Washington, D.C., February 9, 2026 — A coalition of U.S.-based human rights and social welfare organizations on Monday issued a stark warning that Bangladesh’s secular democracy and its religious and ethnic minorities face an existential threat ahead of the country’s parliamentary elections scheduled for February 12, 2026.

Speaking at a press briefing at the National Press Club in Washington, representatives from groups including the Bangladeshi Hindu, Buddhist and Christian Unity Council USA, Bangladesh Human Rights Watch, the Democracy Restoration Forum, United Hindus of USA, Jagannath Hall Alumni Association, and Amnesty Freedom alleged that Islamist forces led by Jamaat-e-Islami are poised to seize power through the electoral process. They claimed Jamaat-e-Islami is operating through surrogate political platforms such as the National Citizens Party (NCP) and the Amar Bangladesh Party (AB Party).

The speakers drew parallels with the rise of Islamist governments in Algeria in 1991 and Egypt in 2012, warning that Bangladesh could be transformed into a Sharia-governed Islamic state under a Majlis-e-Shura, ultimately moving toward a caliphate model similar to Afghanistan or ISIL-controlled territories.

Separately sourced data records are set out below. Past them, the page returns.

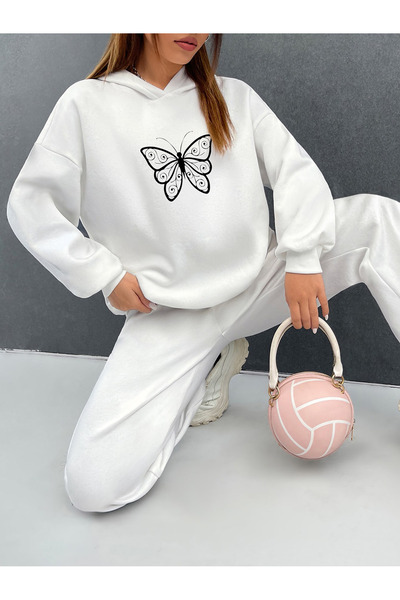 MODARİCH طقم سويت شيرت وبدلة رياضية بطبعة فراشة وردية باللون الأبيض - بغطاء ل...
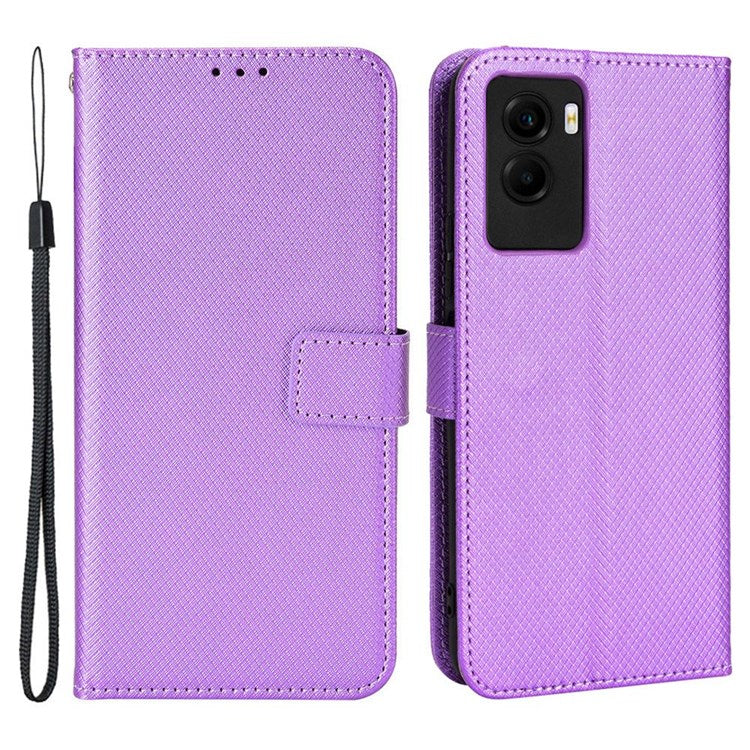 Diamond Texture Phone Case for vivo Y55s 5G, Wallet Stand Magnetic Clasp PU Leather Cover - Purple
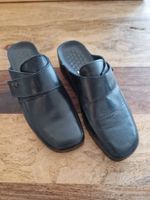 Schwarze Vital Damen Clogs, Echt Leder, Gr. 38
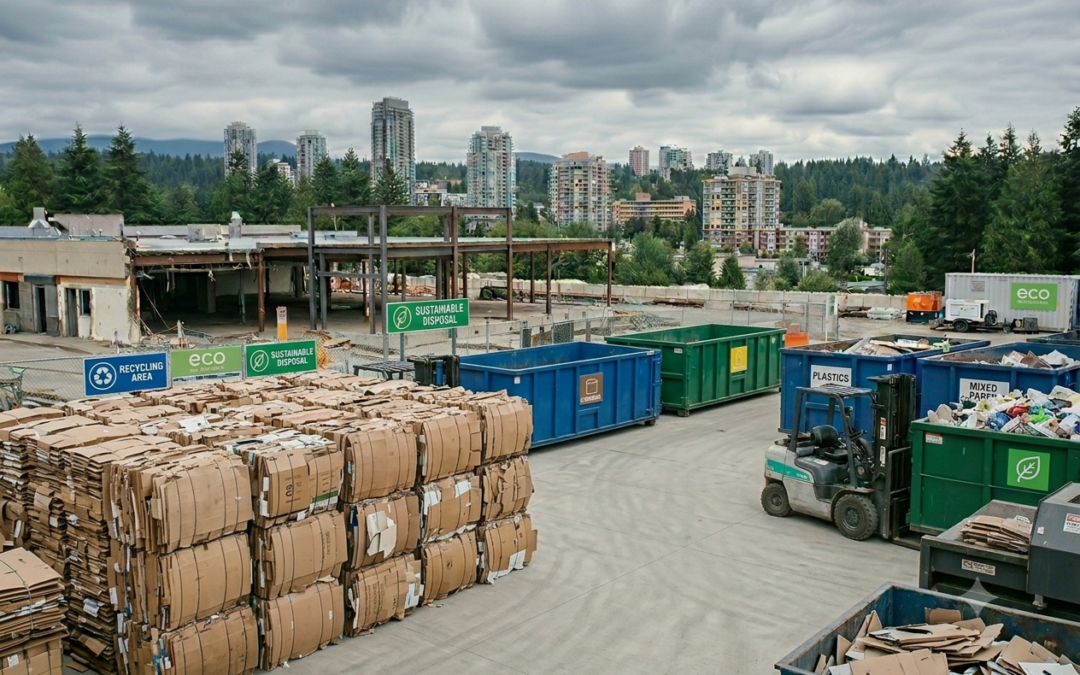 Commercial cardboard recycling services in Vancouver warehouse facility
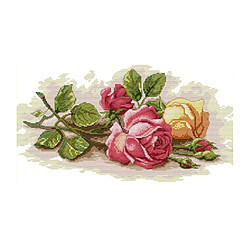 kits de point de croix estampé 11ct 14ct compté tissu rose motif 44 × 27cm 14ct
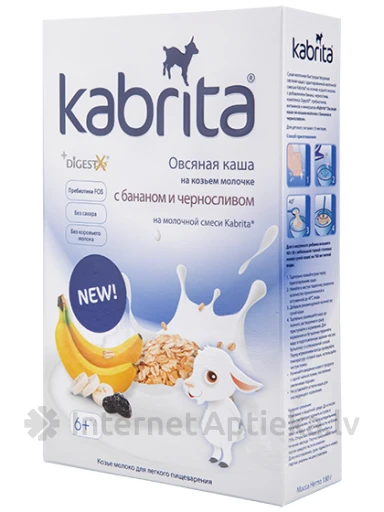Kabrita kaerahelbepuder kitsepiima baasil banaanide ja ploomidega lastele alates 6. elukuust, 180 g | internetaptieka.lv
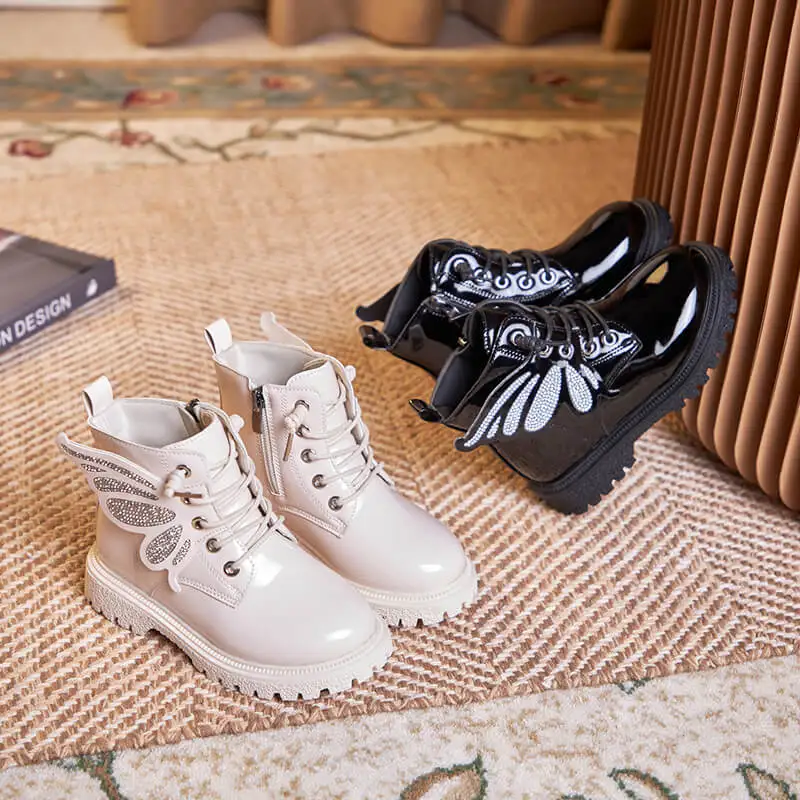 Girls Leather Boots Black White Short Boots Fashion Girls Children Leather Boots Big Pupil Hard Not Easily Deformed Shoes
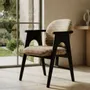 Chaises - Chaise BOWIE noir & tissu crème - EMPREINTE DU TEMPS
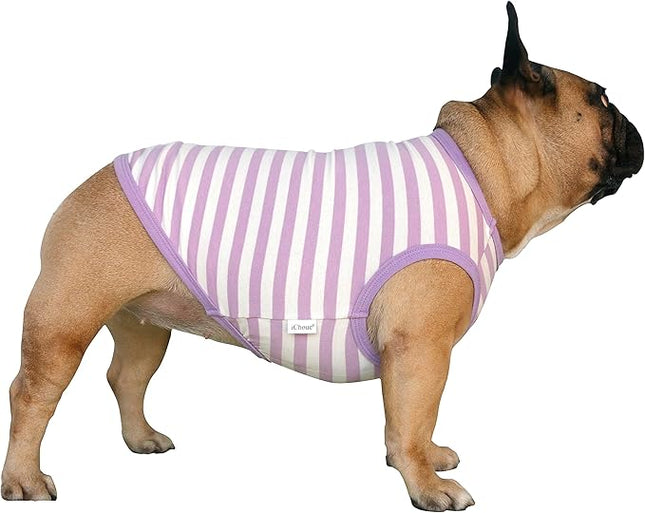 iChoue French Bulldog 100% Breathable Cotton Striped T Shirts Halloween Vest Clothes for Medium Dogs Tank Tops Frenchie Pug English Boston Terrier Pitbull Purple White Stripes - Large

The organizations accused Jamaat-e-Islami and its allies of having a historic role in the 1971 genocide during Bangladesh’s War of Independence, in which an estimated three million people were killed, around 200,000 women were subjected to sexual violence, and nearly 10 million—mostly Hindus—were forced to flee to India. They said these same forces are now reasserting themselves politically.
According to the speakers, the situation sharply deteriorated after August 5, 2024, when violent unrest led to the collapse of the elected Awami League government. They alleged that Islamist groups, with ideological and logistical backing from transnational extremist networks, toppled the government and installed Nobel laureate Dr. Muhammad Yunus as head of an interim administration on August 8, 2024, to facilitate an Islamist electoral victory.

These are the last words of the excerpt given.